The era of Twiplomacy

By Amanat Ali Chaudhry
July 11, 2020

Fast-paced technological changes have fundamentally influenced the way the official business of a state is conducted in the realms of defence, foreign policy, and the entire spectrum of governance.

The emergence of social media platforms has given birth to ‘immediacy of response’ with the result that world leaders are increasingly taking to Facebook and Twitter to articulate their policies.

Diplomacy has been employed for centuries for peace-building, conflict resolution, and the promotion of trade. However, for those who understand its dynamics, it is a transnational profession that presupposes the need for training, advocacy and negotiation skills, willingness to learn new technologies, and a ‘steady hand’ at the deck as diplomat Lawrence Durrell put it.

A new diplomatic order has taken birth. The people’s access to the internet and open-source digital tools of communication has empowered them in significant ways. Thanks to greater democratization powered by digital tools, there is now an increasing demand for transparency, participation, and openness in policymaking around the world.

This dynamic is propelled by the sheer number of people in cyberspace, with some media platforms having as much following and subscriptions as the population of many countries. According to Oberlo, an online marketing platform, there are 330 million monthly active users on Twitter out of which 145 million people use it actively on a daily basis.

As events explode across the 24-hour information landscape, people belonging to all professions take to fast-paced, and flexible social media platforms in an attempt to construct meaning from the world of noise around them. This is where the role of diplomacy assumes even greater relevance.

Twitter diplomacy takes place when political leaders and governments take to Twitter to issue statements about the foreign policy issues and give reactions to the statements of others. Twitter has increasingly come to be used as a preferred tool for the communication of foreign policy positions. The attraction and power of Twitter as an effective public outreach tool is sinking in globally.

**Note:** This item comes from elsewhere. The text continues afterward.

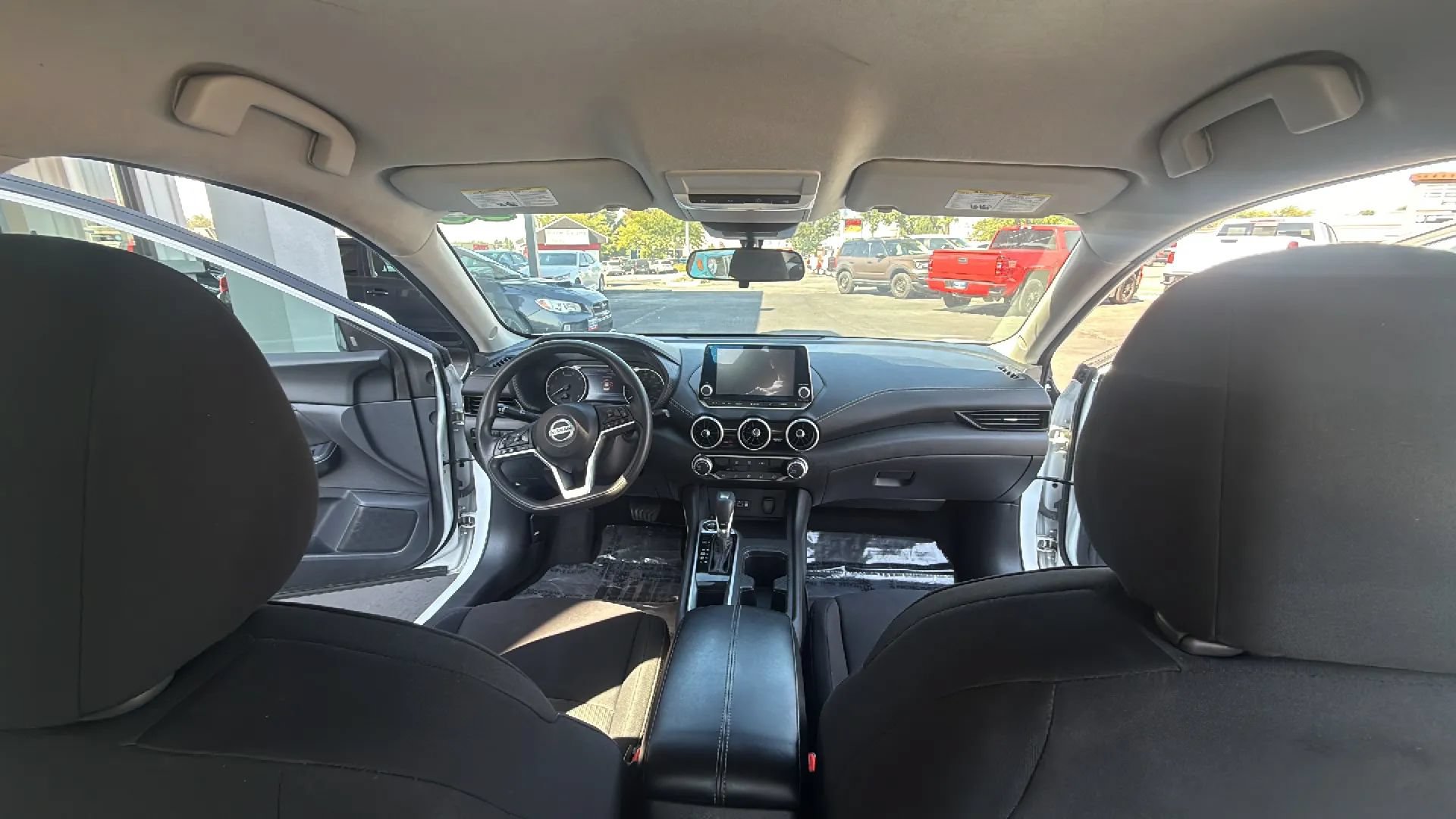 Used 2023 Nissan Sentra SV FWD image 20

Compared to traditional modes of diplomacy such as backdoor communication, formal meetings, and telephone calls, Twitter enjoys three distinct advantages:

First, Twitter offers the world leaders increased and unhindered access to larger audiences across the world. The traditional media tools such as press statements and communique mainly rely on drafting, editing and filtering. While traditional modes of communication may take time to reach the target audience, Twitter messages are delivered within no time. This way, leaders can also bypass the complex bureaucratic processes to issue an instant response. Twitter helps leaders reach a diverse and more global audience directly, something the traditional modes of communication are hard-pressed to achieve.

Second, with direct access being handily available, a leader can control the meaning, tone and tenor as well as the integrity of his message. S/he can bypass the processes of formal communication that can affect the originality of his message. S/he can thus easily and clearly convey what he actually wants to put across. One major advantage of controlling the message is that a leader can shape his/her agenda by building support for it.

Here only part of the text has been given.